The New York City Council passed a bill Thursday, May 5, 2016, imposing a nickel fee to shoppers on new disposable paper or plastic bags that would take effect in October if Mayor Bill de Blasio signs it into law. Credit: Yeong-Ung Yang

Get ready to spend more paper — for paper or plastic.

The New York City Council Thursday passed legislation imposing a minimum nickel fee on every new disposable bag.

Starting Oct. 1, certain stores would be required to charge shoppers under the bill, approved by a 28-20 vote, one of the tightest margins in years. Mayor Bill de Blasio said afterward he would sign the bill into law.

A store would keep the 5-cent fee and could charge more if desired. The fee would apply to paper and plastic bags alike. After a grace period ends April 1, 2017, stores would face fines of $250 for the first violation and $500 for a subsequent violation.

“It works by irritating us into changing our behavior and remembering to bring reusable bags,” said Council member Brad Lander (D-Brooklyn), a prime sponsor of the “Bring Your Own Bag” bill, Introduction 209-A.

The bill contains exceptions, such as for take-out and delivery food, produce, meats and prescription-drug purchases.

Efforts to regulate the estimated 9.37 billion disposable bags used annually in New York City had languished in the council for years. To attract more support, bill sponsors reduced the proposed fee, originally a dime. A news release distributed by the speaker’s office said supporters hope the legislation would defray the estimated $12.5 million annual cost of hauling 91,000 tons of plastic and paper bags to landfills.

Debate over the bill lasted hours Thursday, late into the afternoon: Might city shoppers be encouraged to patronize nearby neighborhoods on Long Island and in New Jersey that don’t charge the fee? How many bags do shoppers need during a grocery trip? Even bags’ wholesale cost — a penny? a nickel? a quarter? — was in dispute.

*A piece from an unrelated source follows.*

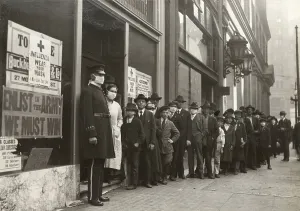 Influenza Prints: People line outside a store to buy face masks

Council member Eric Ulrich of (R-Queens) worried about pet owners picking up after their dogs in an era of 5-cent bags.

“His dog-poop argument is dog poop!” Council member Antonio Reynoso (D-Brooklyn) said in response.

Council member James Vacca, a Bronx Democrat who voted against the bill, said: “This is another needed expense that we need like a hole in the head.”

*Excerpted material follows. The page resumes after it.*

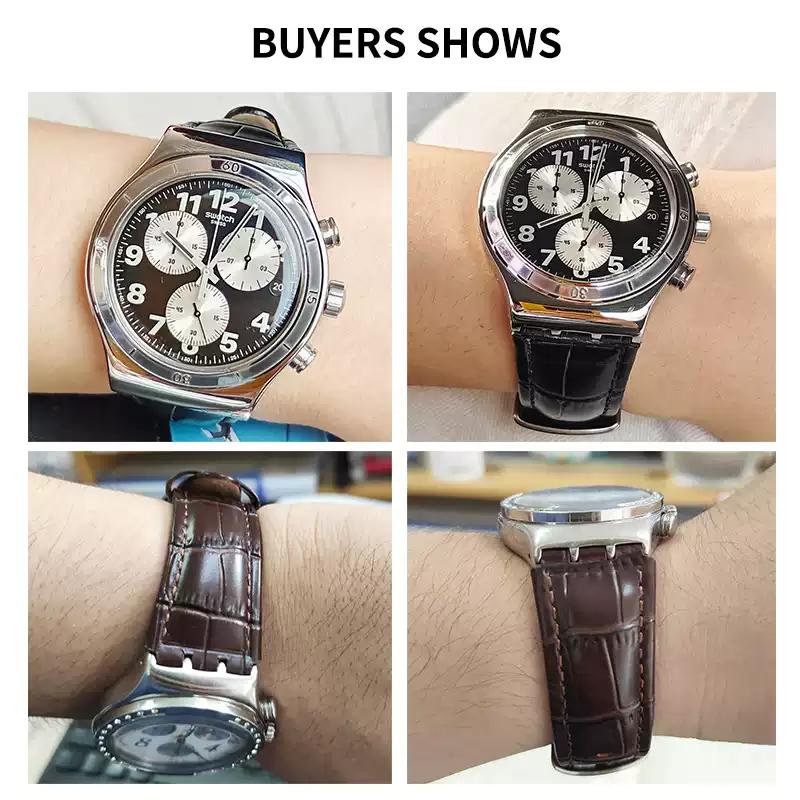 23 мм Ремешок для часов из натуральной кожи и силикона для Swatch YOS440 449 401G 447 448 IRONY Мужские ремешки с матовой текстурой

He added: “Just when you think that they’ve taxed everything in sight, you now have learned that there’s something else that was not taxed that will be taxed.”

Bag regulation has been imposed in cities across the country, such as Washington, D.C., and San Francisco, but New York City would be the largest municipality to do so, said Phil Rozenski of the American Progressive Bag Alliance, a plastic-bag trade group. The group hired lobbying and publicist firms to defeat the bill.

Rozenski disputed whether the measure would do much good. He pointed to a finding of the American Plastics Council that more than 90 percent of bags are reused, such as for trash.

Rozenski said his group is considering suing to stop the bill.

Cecil Yearwood, 44, a coffee-company manager who lives in Brooklyn’s Flatbush neighborhood, said he hopes the law would make people more conscious of the environment.

“It’s our world that we live in and we need to protect it for our children and our children and our children’s children,” Yearwood said.

Asked at a news conference before the vote about a total plastic-ban ban, Council Speaker Melissa Mark-Viverito (D-Manhattan) would not rule out a future law prohibiting the bags entirely.